TRY IT.
Exactly the lines below from the one with "Stock Image - Man" up to and including the one with "Jar of pesto on black board." make up the answer, with nothing else added.

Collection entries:
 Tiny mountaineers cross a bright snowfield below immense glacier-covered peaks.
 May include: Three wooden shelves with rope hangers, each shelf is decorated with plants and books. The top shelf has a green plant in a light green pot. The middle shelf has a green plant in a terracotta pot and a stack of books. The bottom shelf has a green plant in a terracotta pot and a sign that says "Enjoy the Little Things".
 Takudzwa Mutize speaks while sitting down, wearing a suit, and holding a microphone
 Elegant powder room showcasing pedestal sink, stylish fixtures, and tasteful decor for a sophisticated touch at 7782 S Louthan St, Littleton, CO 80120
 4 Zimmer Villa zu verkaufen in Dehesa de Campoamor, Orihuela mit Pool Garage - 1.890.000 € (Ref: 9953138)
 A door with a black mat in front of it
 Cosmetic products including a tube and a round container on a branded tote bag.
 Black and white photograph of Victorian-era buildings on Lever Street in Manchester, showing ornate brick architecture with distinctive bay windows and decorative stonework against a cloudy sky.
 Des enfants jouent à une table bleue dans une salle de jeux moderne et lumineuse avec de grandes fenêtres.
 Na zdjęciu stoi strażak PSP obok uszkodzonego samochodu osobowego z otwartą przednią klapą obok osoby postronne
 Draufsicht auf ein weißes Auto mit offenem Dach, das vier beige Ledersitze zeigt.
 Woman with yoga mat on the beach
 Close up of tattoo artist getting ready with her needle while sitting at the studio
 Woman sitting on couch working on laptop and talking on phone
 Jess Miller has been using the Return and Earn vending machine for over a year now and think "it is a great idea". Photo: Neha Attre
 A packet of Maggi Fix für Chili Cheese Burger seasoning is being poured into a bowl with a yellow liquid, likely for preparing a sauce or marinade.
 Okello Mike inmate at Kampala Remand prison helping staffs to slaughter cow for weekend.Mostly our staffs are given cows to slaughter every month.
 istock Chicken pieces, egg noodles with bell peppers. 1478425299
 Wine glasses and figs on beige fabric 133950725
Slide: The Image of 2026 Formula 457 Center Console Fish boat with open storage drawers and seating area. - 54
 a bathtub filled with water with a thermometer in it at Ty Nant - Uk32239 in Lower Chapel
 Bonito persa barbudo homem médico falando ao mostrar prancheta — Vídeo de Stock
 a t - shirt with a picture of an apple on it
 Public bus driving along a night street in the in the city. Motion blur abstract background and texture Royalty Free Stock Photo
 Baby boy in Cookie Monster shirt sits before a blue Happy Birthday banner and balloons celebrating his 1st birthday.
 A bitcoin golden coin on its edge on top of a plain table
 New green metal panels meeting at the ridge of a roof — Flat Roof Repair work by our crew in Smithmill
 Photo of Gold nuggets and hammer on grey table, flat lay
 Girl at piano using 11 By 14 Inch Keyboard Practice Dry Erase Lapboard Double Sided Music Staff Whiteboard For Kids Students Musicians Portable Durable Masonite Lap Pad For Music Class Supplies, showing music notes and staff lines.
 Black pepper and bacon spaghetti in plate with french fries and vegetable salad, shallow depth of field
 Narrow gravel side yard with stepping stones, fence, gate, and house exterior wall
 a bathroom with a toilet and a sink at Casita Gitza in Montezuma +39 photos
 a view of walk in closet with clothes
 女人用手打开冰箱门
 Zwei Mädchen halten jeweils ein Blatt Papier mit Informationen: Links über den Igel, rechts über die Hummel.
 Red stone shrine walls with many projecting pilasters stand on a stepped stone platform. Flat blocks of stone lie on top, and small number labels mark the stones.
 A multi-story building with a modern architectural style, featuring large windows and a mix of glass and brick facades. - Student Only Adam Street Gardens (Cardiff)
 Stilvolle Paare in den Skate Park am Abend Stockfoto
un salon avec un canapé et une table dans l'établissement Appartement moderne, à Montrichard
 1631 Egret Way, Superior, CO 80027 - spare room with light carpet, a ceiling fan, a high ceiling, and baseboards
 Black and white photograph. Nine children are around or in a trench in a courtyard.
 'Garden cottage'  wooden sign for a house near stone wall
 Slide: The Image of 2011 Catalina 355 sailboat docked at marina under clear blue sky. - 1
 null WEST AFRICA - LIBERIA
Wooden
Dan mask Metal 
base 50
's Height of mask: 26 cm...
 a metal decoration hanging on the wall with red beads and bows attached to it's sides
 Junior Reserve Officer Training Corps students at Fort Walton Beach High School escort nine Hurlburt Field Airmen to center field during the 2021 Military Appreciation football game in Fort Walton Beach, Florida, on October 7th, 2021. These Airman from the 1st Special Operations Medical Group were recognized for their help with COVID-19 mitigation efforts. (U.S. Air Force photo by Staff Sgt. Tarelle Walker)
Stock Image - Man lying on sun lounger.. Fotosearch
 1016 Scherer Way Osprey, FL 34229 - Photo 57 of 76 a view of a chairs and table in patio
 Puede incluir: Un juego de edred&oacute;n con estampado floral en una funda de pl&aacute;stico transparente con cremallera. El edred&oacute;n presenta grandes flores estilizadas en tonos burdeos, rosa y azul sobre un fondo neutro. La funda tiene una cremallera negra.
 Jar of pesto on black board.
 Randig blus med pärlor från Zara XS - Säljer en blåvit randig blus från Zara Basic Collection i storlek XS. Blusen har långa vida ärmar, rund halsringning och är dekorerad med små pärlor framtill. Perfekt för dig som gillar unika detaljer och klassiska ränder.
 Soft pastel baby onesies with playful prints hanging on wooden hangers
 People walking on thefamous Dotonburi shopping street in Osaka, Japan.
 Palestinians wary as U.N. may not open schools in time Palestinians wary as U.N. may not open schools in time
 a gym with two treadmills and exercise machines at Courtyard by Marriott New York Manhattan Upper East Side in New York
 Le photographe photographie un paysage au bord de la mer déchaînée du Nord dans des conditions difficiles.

SOLUTION.
Stock Image - Man lying on sun lounger.. Fotosearch
 1016 Scherer Way Osprey, FL 34229 - Photo 57 of 76 a view of a chairs and table in patio
 Puede incluir: Un juego de edred&oacute;n con estampado floral en una funda de pl&aacute;stico transparente con cremallera. El edred&oacute;n presenta grandes flores estilizadas en tonos burdeos, rosa y azul sobre un fondo neutro. La funda tiene una cremallera negra.
 Jar of pesto on black board.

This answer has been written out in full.